Interesting idea. Have you listened to just the piecewise linear amp output without hard clipping after it?

You didn't show a schematic of how you did the piecewise linear process (assuming you didn't just contruct it mathematically in Spice). Some real world implementations are less mathematically precise than others and the turn on characteristics of the diodes used actually smooth the piecewise approximation into more of a curve. That can sound more like a moderately-overdriven tube sound stage, and doesn't generate the buzzy, high frequency distortion products to the same degree.

The advantage of the compressor before heavy clipping distortion for the Scholtz-Boston distortion sound is the smoothness of the initial note attack and the added sustain (which you noted), but that is a minor effect on the heavily clipped Boston distortion sound.

I think Scholtz uses the compressor more for it's effect on the "semi-clean" tones which are a mild overdrive\clipping sound intended to sound like an amp being pushed. The compressor makes a huge difference in that sound setting.

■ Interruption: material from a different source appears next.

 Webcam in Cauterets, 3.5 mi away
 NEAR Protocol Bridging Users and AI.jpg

If the distortion stage being driven is typical Scholtz back to back diode clipping, I'm doubtful that there would be much difference between having his compressor or the piecewise approximation clipper in front, or for that matter, just more gain from another plain distortion stage.

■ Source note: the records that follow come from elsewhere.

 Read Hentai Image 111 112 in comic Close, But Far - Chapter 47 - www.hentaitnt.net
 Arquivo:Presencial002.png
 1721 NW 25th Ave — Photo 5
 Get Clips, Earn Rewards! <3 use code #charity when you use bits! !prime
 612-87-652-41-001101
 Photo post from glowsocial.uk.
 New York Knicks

Adjusting the bias for the Scholtz JFET compressor stage can be done by ear quite successfully, although you may want to socket the jfet in case the first one you pick has a Vpinchoff threshold that isn't well suited. JFET parameters vary a lot due to inherent processing quirks. Many JFETs with different numbers are off the same wafer and simply selected after packaging (see 2N5457, 2N5458, 2N5459 data sheet).

Breadboard some of this stuff and try tweaking it. Maybe you'll be the next SRD genius!